You are viewing a plain text version of this content. The canonical link for it is here.
Posted to user@impala.apache.org by Devadutta Ghat <de...@cloudera.com> on 2016/04/29 01:36:46 UTC

SQL-on-Apache Hadoop – Choosing the right tool for the right job

Hi All,

We have put together a simple guide to help you choose between different
SQL-on-Apache Hadoop tools. You can find it here
https://vision.cloudera.com/sql-on-apache-hadoop-choosing-the-right-tool-for-the-right-job/

I have included the blog content here as well. Hope this helps.

Thanks
Devadutta

SQL-on-Apache Hadoop – Choosing the right tool for the right job
April 26, 2016
<https://vision.cloudera.com/sql-on-apache-hadoop-choosing-the-right-tool-for-the-right-job/>By
Devadutta Ghat <https://vision.cloudera.com/author/dghat/>
Categories: Product <https://vision.cloudera.com/category/product/>
A simple guide to understanding SQL-on-Hadoop choices

When it comes to SQL-on-Hadoop, it is easy to feel overwhelmed with the
number of choices available in the ecosystem. However, in reality, choosing
the right tool to best help you tackle the job at hand can be simple if you
know what you are planning to achieve, which in most cases is typically
apparent from your job title or team function. There are three main classes
of SQL-on-Hadoop tools available – ETL and Data Preparation Tools, Analytic
Databases, and Data Engineering Tools. Within the Hadoop ecosystem, the
prominent choices that emerge for each of these are Apache Hive, Apache
Impala (incubating), and Spark SQL, respectively.

Here is a quick summary:

[image: SQL-On-Hadoop]
<http://vision.cloudera.com/wp-content/uploads/2016/04/Screen-Shot-2016-04-25-at-10.22.08-AM.png>

Now, let’s look at each of these in more detail.
*ETL and Data Preparation Tool: Hive*

Hive was designed to make MapReduce batch processing accessible to a wider
group of users via SQL-like language – HiveQL and consequently, Hive is
best-suited for the same use cases as MapReduce. Hive-on-Spark provides the
same great Hive capabilities, using the next-generation MR-style execution
engine of Apache Spark instead of MapReduce for incrementally faster
processing (Hive-on-Tez provides similar capabilities but using Tez instead
of Spark). Compared to MapReduce, Spark provides easier development with a
rich set of APIs in Java, Scala and Python to make use of Spark’s DAG
engine, which delivers faster processing by in-memory caching of data
between iterations.

Hive’s ability to run scheduled batch jobs with massive ETL sorts with
joins makes it one of the most widely used data preparation tool for Hadoop
and most data served to BI users in Impala today is prepared by ETL
developers using Hive.
*Data Engineering Tool: Spark and Spark SQL*

Spark is a powerful data engineering framework with a rich a rich set of
developer APIs from core Spark primitives, SQL APIs, machine learning
algorithms with MLlib, streaming APIs, Python/R interfaces with Spark-R and
PySpark etc.

At its core Spark is a next generation MR-style system where instead of
being confined to simple Map and Reduce operators, you can develop a more
robust set of Spark operators using RDDs as operator interchanges instead
of a forced Shuffle stage. SparkSQL, like the rest of Spark, translates SQL
into underlying stages of Spark operations on RDDs. This design easily
allows the intermixing of SQL with other Spark APIs so data engineers can
use SQL for common data preparation tasks like aggregations, joins, and
filtered as part of a broader Spark application that might use core Spark
APIs and then feed into a machine learning algorithm from MLib.

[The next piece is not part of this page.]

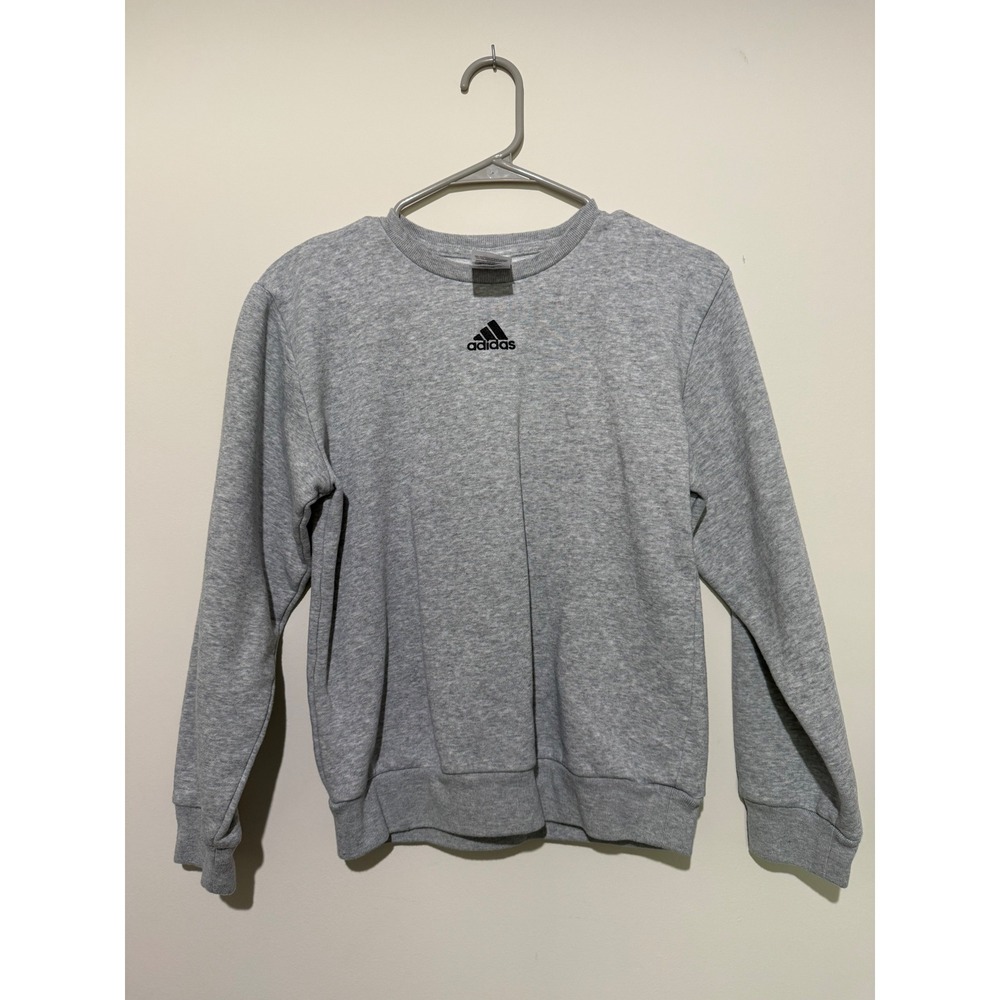 Adidas Kids Grey Fleece Crewneck Sweatshirt Embroidered Logo Size Medium 10/12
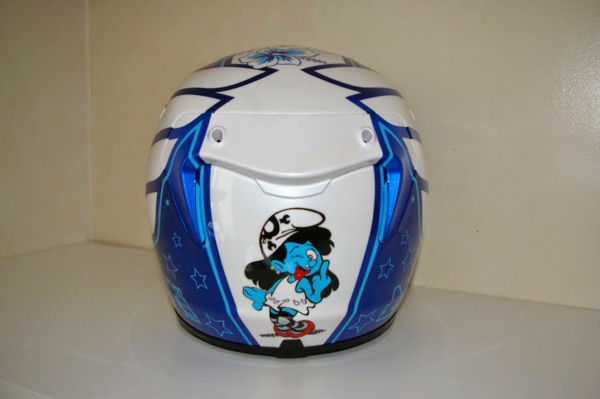 Casque-moto-original-smurf-bleue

For example, let us consider iteratively building logistic regression over
a data-set using Spark and compare it with MapReduce. With Spark, you can
embed SQL within your Spark app written in Scala or Java and use MLlib to
build the regression model. As seen in the graph below, Spark performs much
better by caching data in memory between iterations compared to MapReduce.
[image: Logistic Regression Performance (Data Fits in Memory)]
<http://vision.cloudera.com/wp-content/uploads/2016/04/Picture13.png>

Logistic Regression Performance (Data Fits in Memory)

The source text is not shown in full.